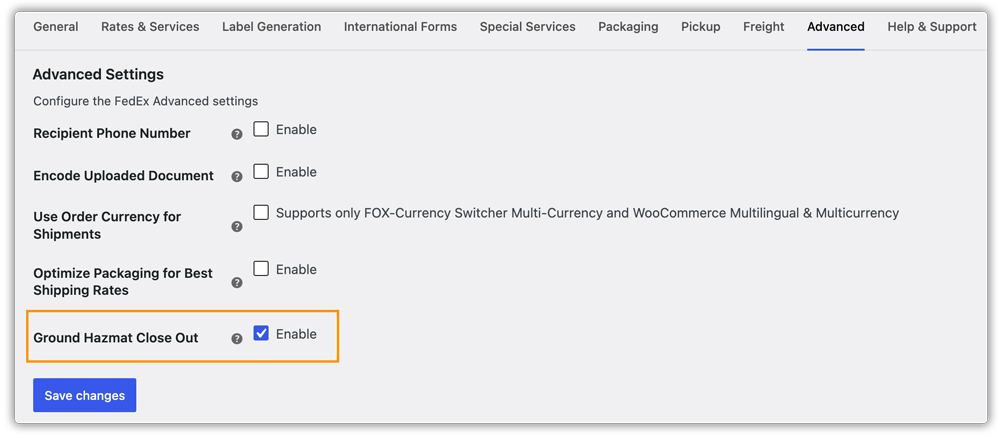 fedex ground hazmat closeout settings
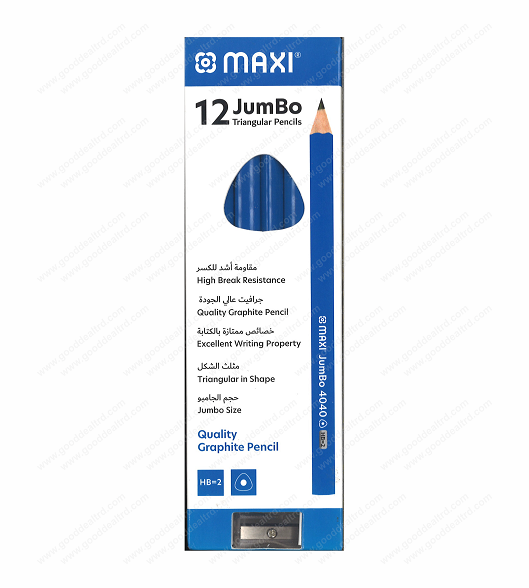 MAXI® Jumbo Triangular HB Graphite Pencils with Sharpener (Box of 12 - Art No. 4040)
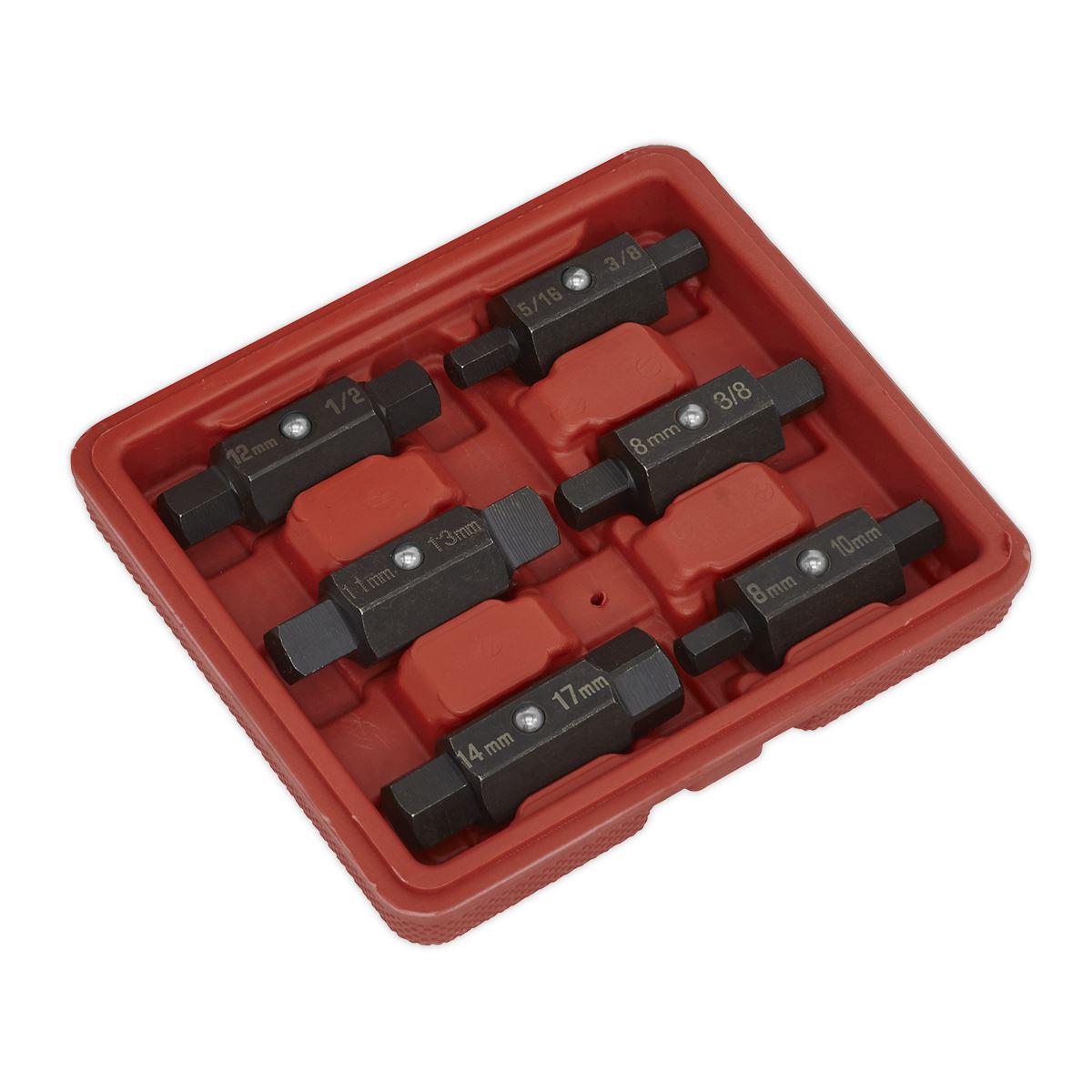Sealey AK658 Oil Drain Plug Key Set 6pc Double End Sealey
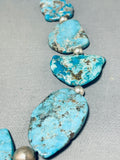 Slabs Of Turquoise!! Vintage Native American Navajo Sterling Silver Necklace Old-Nativo Arts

+ + + + +

* **Problem to work on**: Every line of the data above is to be set down word for word, with the pictures left out.

* **Task solution**:
 fedex ground hazmat closeout settings
 MAXI® Jumbo Triangular HB Graphite Pencils with Sharpener (Box of 12 - Art No. 4040)
Sealey AK658 Oil Drain Plug Key Set 6pc Double End Sealey
 Slabs Of Turquoise!! Vintage Native American Navajo Sterling Silver Necklace Old-Nativo Arts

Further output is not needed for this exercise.